Items from a dataset

%%

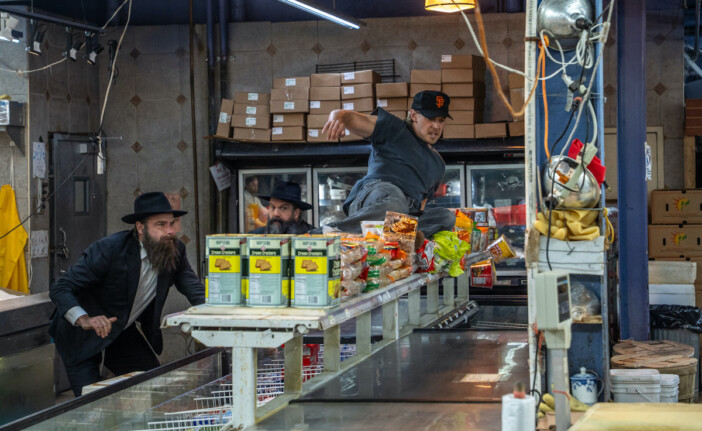 オースティン・バトラーが“野球選手”の身体能力発揮 『コート・スティーリング』本編映像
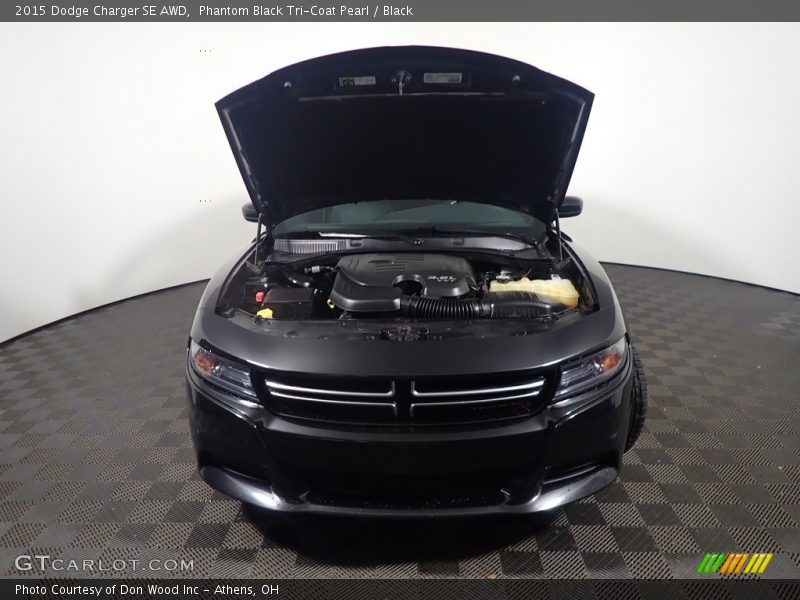 Phantom Black Tri-Coat Pearl / Black 2015 Dodge Charger SE AWD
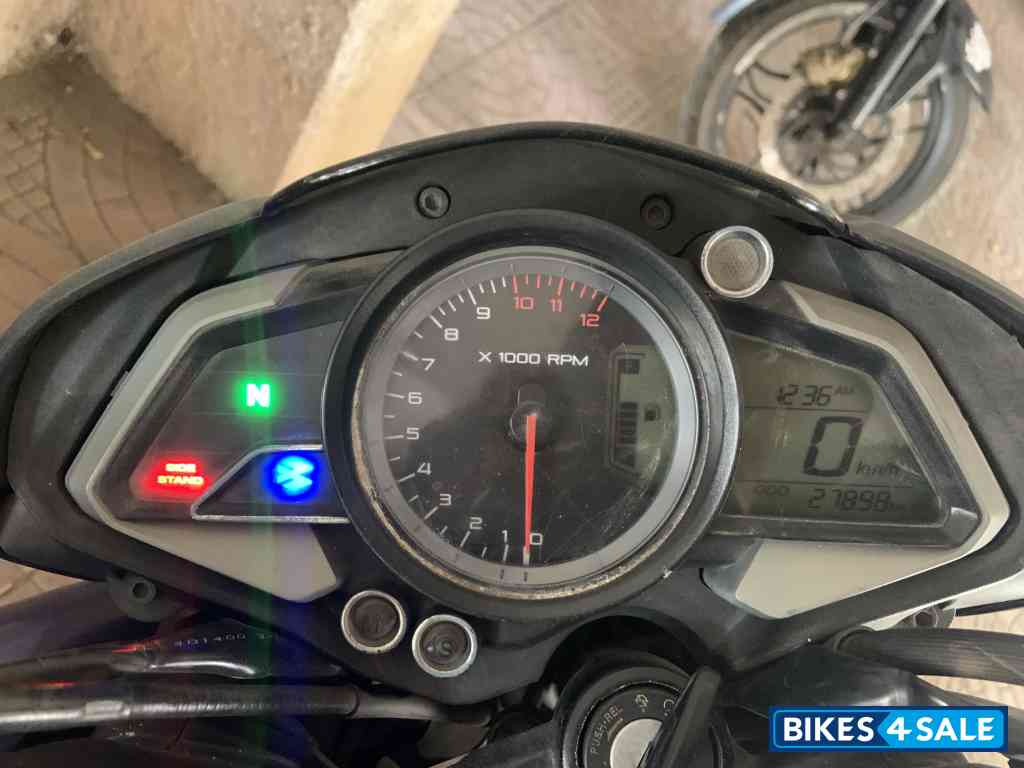 Bajaj Pulsar 200 NS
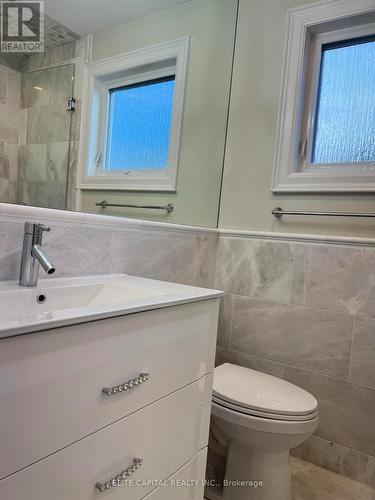 67 Hutcherson Square, Toronto, ON - Indoor Photo Showing Bathroom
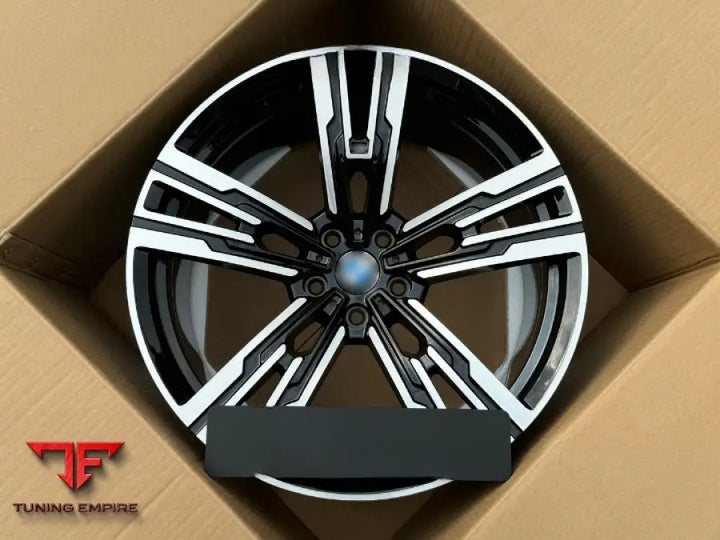 BMW 7 G70 730i 735i 740i 730d 740d 750e 760i i7 M760e 2022 + WHEELS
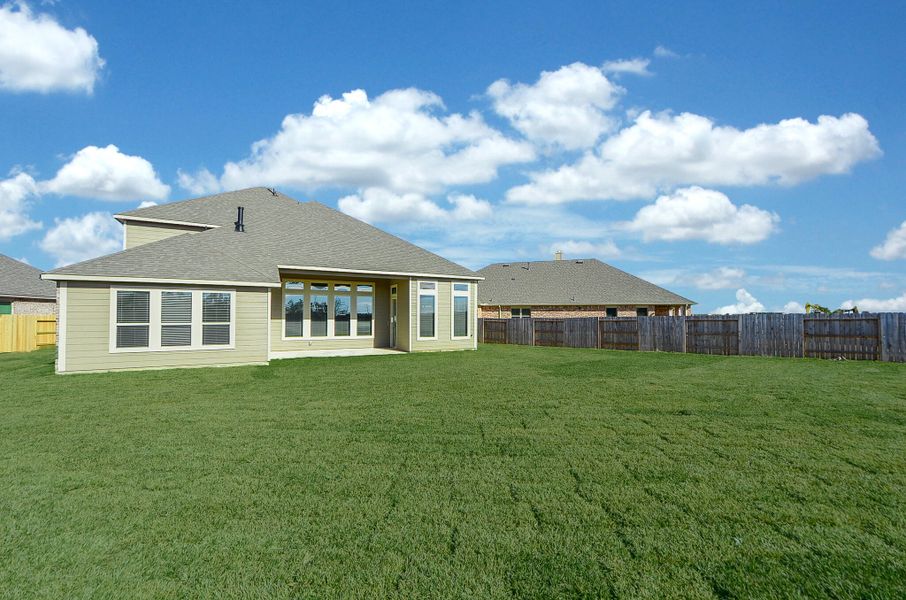 Representative exterior details of a home built from the Floor Plan 2922 by Colina Homes in Grand Magnolia, Magnolia (Image 26).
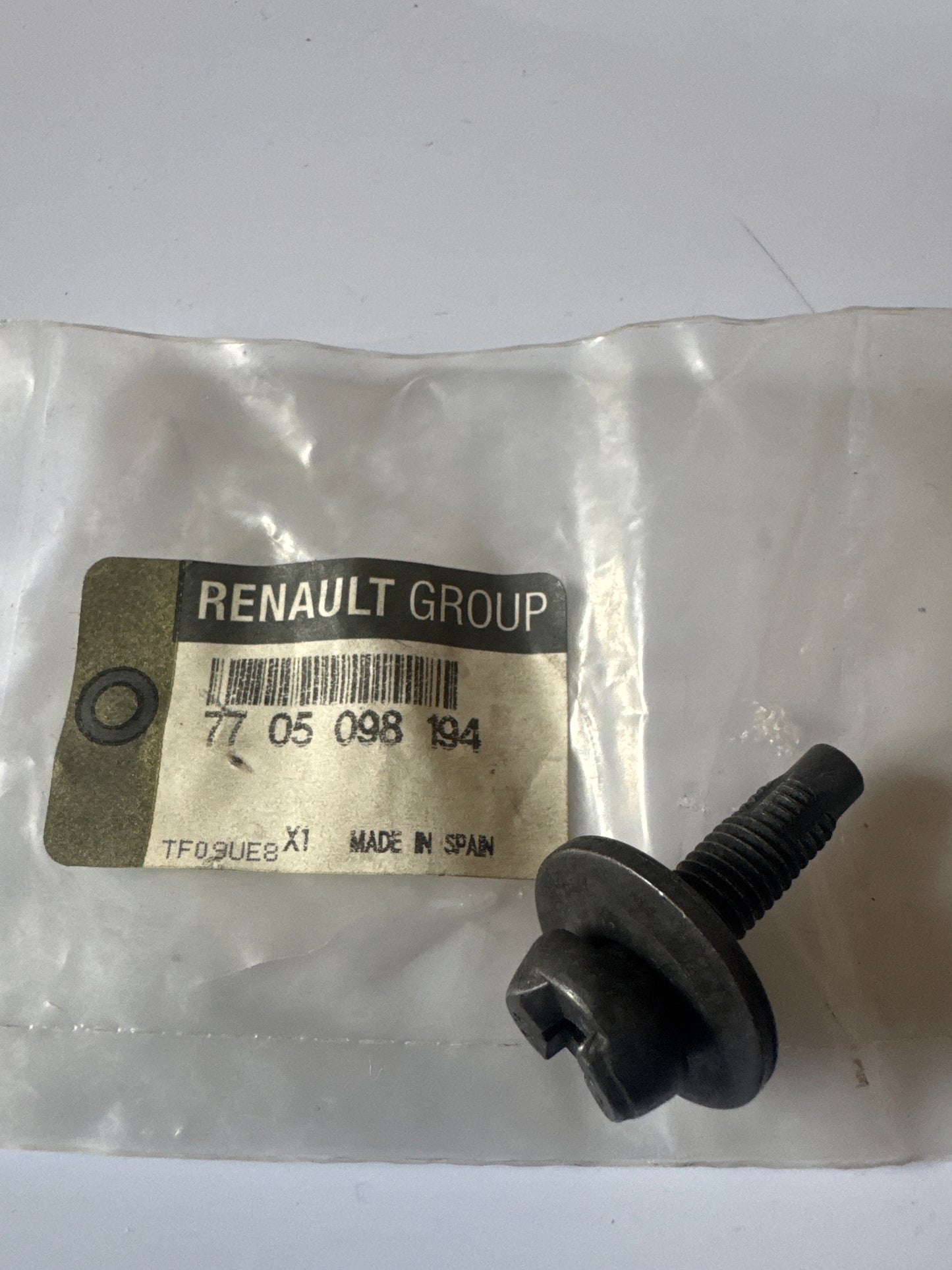 7705098194, TORNILLO M8X25, Renault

%%

_Assigned task_.
Retype the entries above exactly. Stop after the line containing "BMW 7 G70 730i", and omit the pictures.

_Written response_.
 オースティン・バトラーが“野球選手”の身体能力発揮 『コート・スティーリング』本編映像
 Phantom Black Tri-Coat Pearl / Black 2015 Dodge Charger SE AWD
 Bajaj Pulsar 200 NS
 67 Hutcherson Square, Toronto, ON - Indoor Photo Showing Bathroom
 BMW 7 G70 730i 735i 740i 730d 740d 750e 760i i7 M760e 2022 + WHEELS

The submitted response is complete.